Drizzle syrup over your pancakes and you may notice a coil developing where the fluid thread hits the surface. This well-known phenomenon — the 'liquid rope-coil effect' — results from the interplay between the syrup's viscosity and gravitational and inertial forces.

Similarly, a viscous liquid rope falling onto a moving surface (or from a moving nozzle) can produce a pattern that deviates from a straight line. In fact, several different patterns have been observed for such systems — nicknamed fluid-mechanical sewing machines because the generated motifs resemble common stitch patterns. Pierre-Thomas Brun and colleagues have now come up with a model that reproduces the experimentally obtained patterns and predicts additional features (P-T. Brun et al., Phys. Rev. Lett., in the press; preprint at http://arxiv.org/abs/1410.5382).

The typical paths traced out by a viscous liquid thread on a moving belt are loops (translated coils), alternating loops, meanders and straight lines. Their periodicities come from the intrinsic frequencies of the tracing processes, which have been found to be multiples of the coiling frequency for the static (non-moving surface) case. Brun et al. performed numerical simulations of the sewing machine, taking viscosity and gravitation into account, but with inertia artificially switched off. Remarkably, the resulting phase diagram (with dimensionless nozzle height and surface speed as phase variables) contained all possible types of pattern, suggesting that inertial forces weren't playing a significant role.

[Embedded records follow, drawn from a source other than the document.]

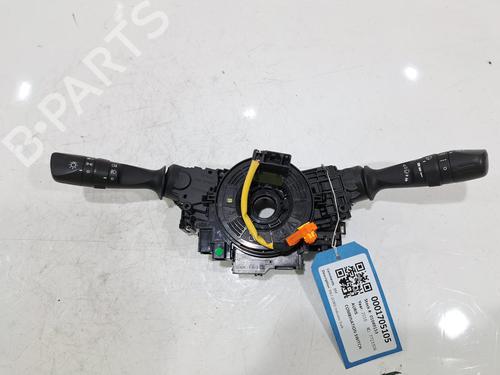 Switch TOYOTA AURIS (_E18_) 1.2 (NRE185_, NRE185R) | BP34377567I30  - Image 5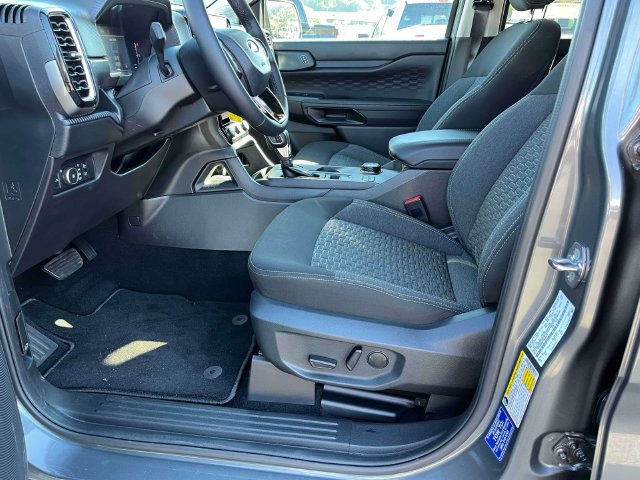 New 2026 Ford Ranger XLT w/ Equipment Group 301A High AWD/4WD image 22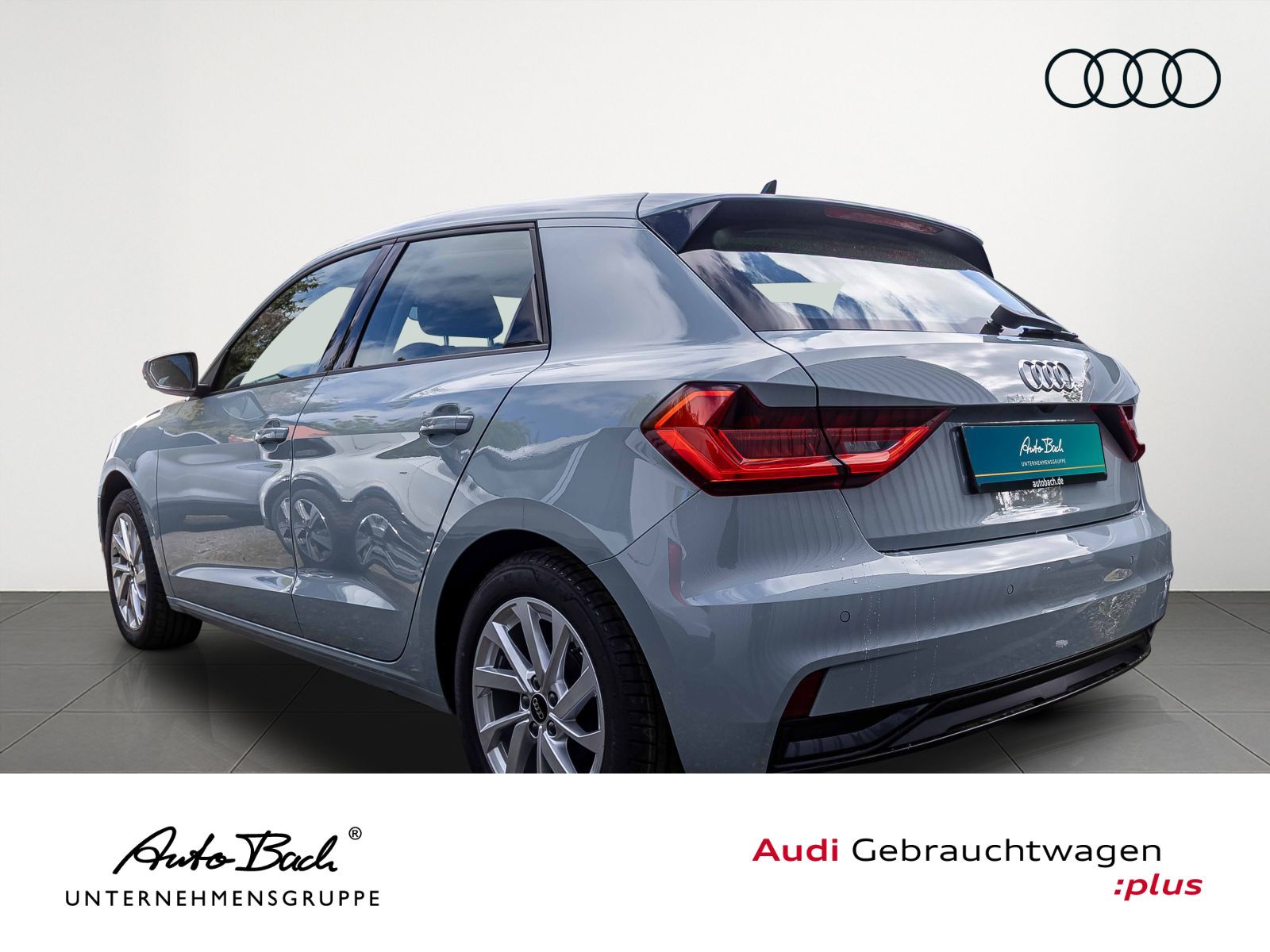 Audi A1 - Bild 5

Credit: © THE PICTURE PANTRY / ALAMY

This conclusion prompted the authors to devise a geometrical model in which the path drawn by the falling liquid rope was described by a set of equations for the position of the contact point and the local curvature of the path. The equations arise from considering the shape of the pendant thread (dictated by gravity and viscosity) and the coupling between the fluid and the moving surface.

The solutions of the geometrical model matched the outcomes of the full simulations very well. In addition, the authors discovered a new pattern with coils wide apart from one another (the 'W-pattern'), as well as hysteretic effects: the transitions between different regimes when changing the surface velocity occurred at different speeds for acceleration and deceleration.

Apart from uncovering the physical processes underlying fluid-mechanical sewing machines, the findings of Brun et al. are relevant to a variety of industrial applications like the manufacture of non-woven fabrics or the automated production of cake decorations. They also enable an understanding — or even simulation — of the drip painting technique used by Jackson Pollock.